Hong Zicheng wrote the Caigentan, the Xianfo qizong, and several no-longer extant books. The c. 1590 Caigentan (菜根譚, 'Vegetable Roots Discourse') is an eclectic compilation of philosophical aphorisms that combine elements from Confucianism, Daoism, and Chan Buddhism. The 1602 Xianfo qizong (仙佛奇蹤, 'Marvelous Traces of Transcendents and Buddhas') contains legends about Daoist and Buddhist masters. The Qing dynasty catalog to the Siku Quanshu summarizes the Xianfo qizong:

It covers episodes of about sixty-three Daoists from Laozi to Zhang Sanfeng; comments on immortality; nineteen patriarchs of Indian Buddhism, from Sakyamuni to Prajnatara (c. 457), and forty-two patriarchs of Chan Buddhism, from Bodhidharma (c. 502) to Chuanzi 船子 (ninth century); and mysteries of eternity.
— tr. Aitken and Kwok 2006:173, cf. Vos 1993:170

Hong is a historically enigmatic figure. "Nothing is known about his life and career", write Goodrich and Fang (1976:678), except that he was a contemporary of Yu Kongqian (于孔兼), both of whom flourished during the Wanli Emperor's reign (1572–1620). Yu Kongjian was a high-ranking scholar-bureaucrat in Wanli's administration, but he resigned in 1588 after involvement in a controversy, returned to his birthplace in Jintan (Jiangsu Province), and devoted himself to writing and teaching, including lectures at the Donglin Academy. Yu's preface to the Caigentan provides the only early information about Hong Zicheng's life.

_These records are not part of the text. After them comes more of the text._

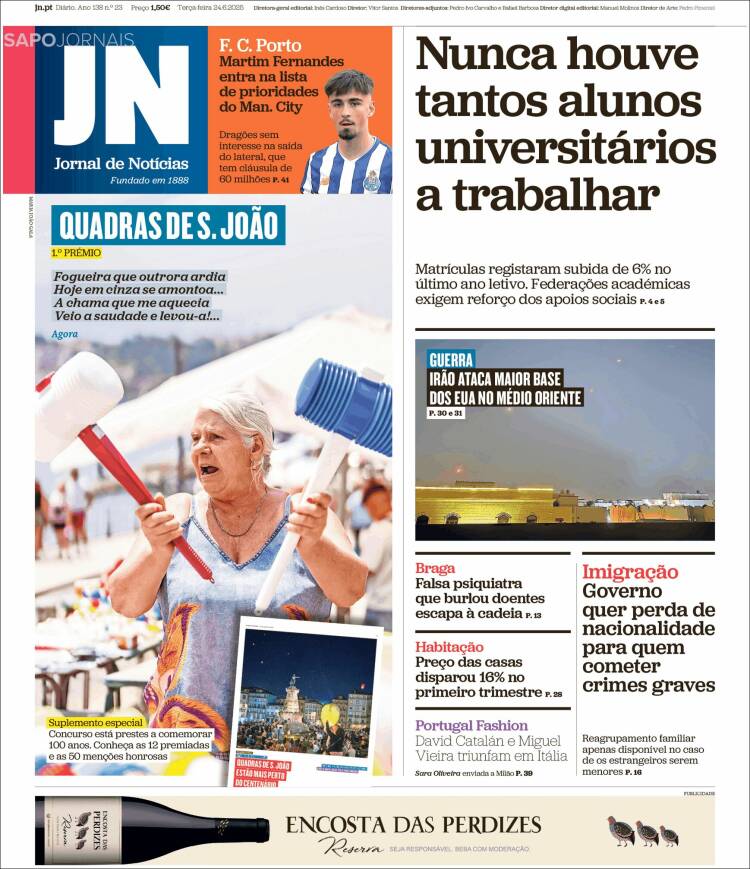 Portada de Jornal de Notícias (Portugal)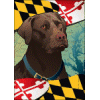 Maryland Flag with Chocolate Lab Banner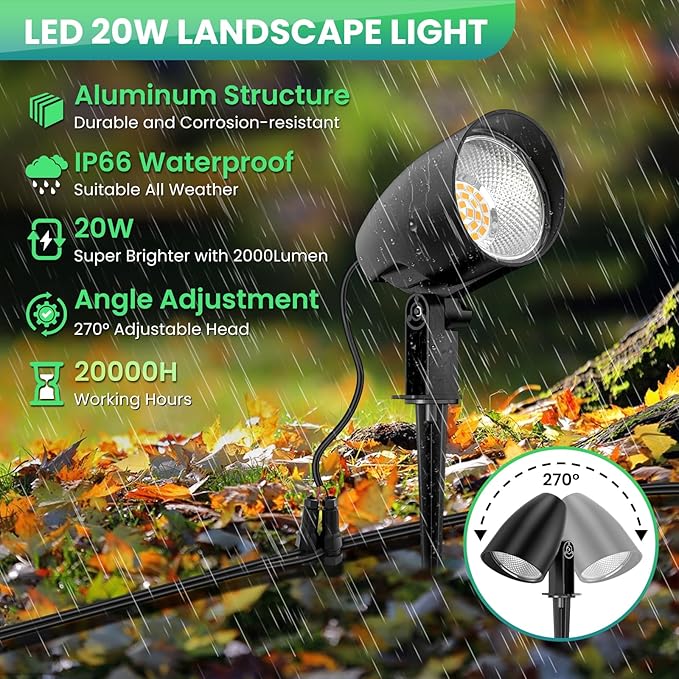 ZZXX 20W Low Voltage Landscape Lights Garden Pathway Lights Super Warm White(2000LM) AC/DC 12V-24V LED Landscape Spotlights Outdoor Waterproof with Photocell Sensor for Patio Yard Wall Tree (6 Pack)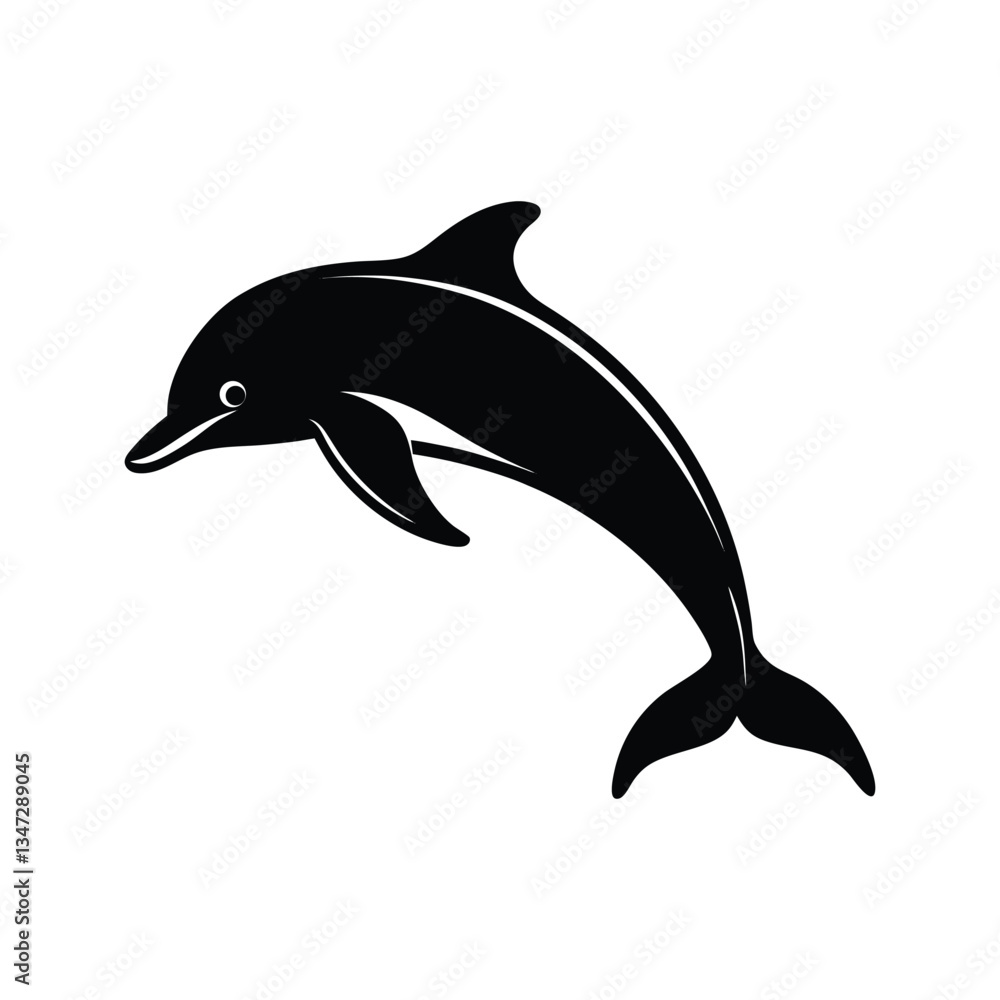 Fototapeta premium dolphin gliding silhouette art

One day my friend Hung Tzu-ch'eng appeared with his Ts'ai-ken t'an which he showed to me begging me for a preface. ... The fact that he uses the words "vegetable roots" to designate his discourse has its origin in his purifying experience of poverty, and is also based upon a comparison of the cultivation of human morality with that of plants. One can imagine that the author has been harassed by the storms of life and has endured several precarious situations. Master Hung says [paraphrasing 1:91]: "If Heaven makes me suffer physically, I set my mind at rest and supplement my physical frailty in this way. If Heaven tries me by adversity, I stick to my principles to the utmost and withstand the setbacks in this way." From this we can infer that he admonishes and stimulates himself.
— tr. Vos 1993:171–172

"We glean from this work that Hong might have suffered, like his friend Yu Kongjian," say Aitken and Kwok (2006:173), "a disappointing departure from official life joining the increasing ranks of recluses in the towns and lake areas of the lower Yangzi River region."

Modern research (Lo 2002:136) suggests that Hong might have been a native of Xindu District of Chengdu (Sichuan Province).